■ **THE PROBLEM**
Only the lines from the top of the following listing through the line with "Fridge, stovetop, coffee/tea" belong in your answer, exactly as written.

——————————

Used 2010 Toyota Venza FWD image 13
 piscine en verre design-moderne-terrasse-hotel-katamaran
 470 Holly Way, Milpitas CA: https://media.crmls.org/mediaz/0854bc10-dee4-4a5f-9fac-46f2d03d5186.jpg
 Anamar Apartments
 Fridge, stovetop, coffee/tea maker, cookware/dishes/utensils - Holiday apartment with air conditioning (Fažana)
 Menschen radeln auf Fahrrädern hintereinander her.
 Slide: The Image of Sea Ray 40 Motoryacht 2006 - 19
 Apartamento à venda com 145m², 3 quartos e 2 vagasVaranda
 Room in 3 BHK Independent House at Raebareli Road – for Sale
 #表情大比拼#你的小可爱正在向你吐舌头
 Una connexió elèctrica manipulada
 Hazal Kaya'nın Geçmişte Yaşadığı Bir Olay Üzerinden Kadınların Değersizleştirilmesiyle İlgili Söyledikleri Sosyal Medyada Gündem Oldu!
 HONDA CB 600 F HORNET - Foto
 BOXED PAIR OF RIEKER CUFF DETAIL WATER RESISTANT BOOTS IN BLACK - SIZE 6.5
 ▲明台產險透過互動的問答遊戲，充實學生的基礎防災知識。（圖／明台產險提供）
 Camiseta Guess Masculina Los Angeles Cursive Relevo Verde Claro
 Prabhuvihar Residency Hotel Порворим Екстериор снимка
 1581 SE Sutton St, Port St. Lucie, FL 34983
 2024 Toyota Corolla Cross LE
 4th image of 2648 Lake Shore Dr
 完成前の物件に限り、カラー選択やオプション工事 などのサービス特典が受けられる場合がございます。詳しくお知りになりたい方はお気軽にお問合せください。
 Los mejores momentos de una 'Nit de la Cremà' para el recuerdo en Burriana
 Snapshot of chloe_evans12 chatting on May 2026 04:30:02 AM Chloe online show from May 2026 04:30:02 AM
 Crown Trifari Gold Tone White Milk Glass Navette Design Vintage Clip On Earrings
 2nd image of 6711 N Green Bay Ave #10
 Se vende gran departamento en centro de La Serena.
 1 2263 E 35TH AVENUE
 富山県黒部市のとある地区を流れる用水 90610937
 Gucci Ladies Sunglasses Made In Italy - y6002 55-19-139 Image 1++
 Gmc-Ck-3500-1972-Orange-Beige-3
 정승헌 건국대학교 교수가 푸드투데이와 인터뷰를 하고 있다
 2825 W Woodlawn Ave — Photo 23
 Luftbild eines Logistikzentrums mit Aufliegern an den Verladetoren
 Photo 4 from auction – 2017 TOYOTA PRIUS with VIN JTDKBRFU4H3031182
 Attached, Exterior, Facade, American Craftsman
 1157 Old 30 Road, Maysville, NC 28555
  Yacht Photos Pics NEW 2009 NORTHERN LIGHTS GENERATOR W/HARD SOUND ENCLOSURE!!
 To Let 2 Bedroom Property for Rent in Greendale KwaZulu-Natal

——————————

■ **SOLVED EXERCISE**
Used 2010 Toyota Venza FWD image 13
 piscine en verre design-moderne-terrasse-hotel-katamaran
 470 Holly Way, Milpitas CA: https://media.crmls.org/mediaz/0854bc10-dee4-4a5f-9fac-46f2d03d5186.jpg
 Anamar Apartments
 Fridge, stovetop, coffee/tea maker, cookware/dishes/utensils - Holiday apartment with air conditioning (Fažana)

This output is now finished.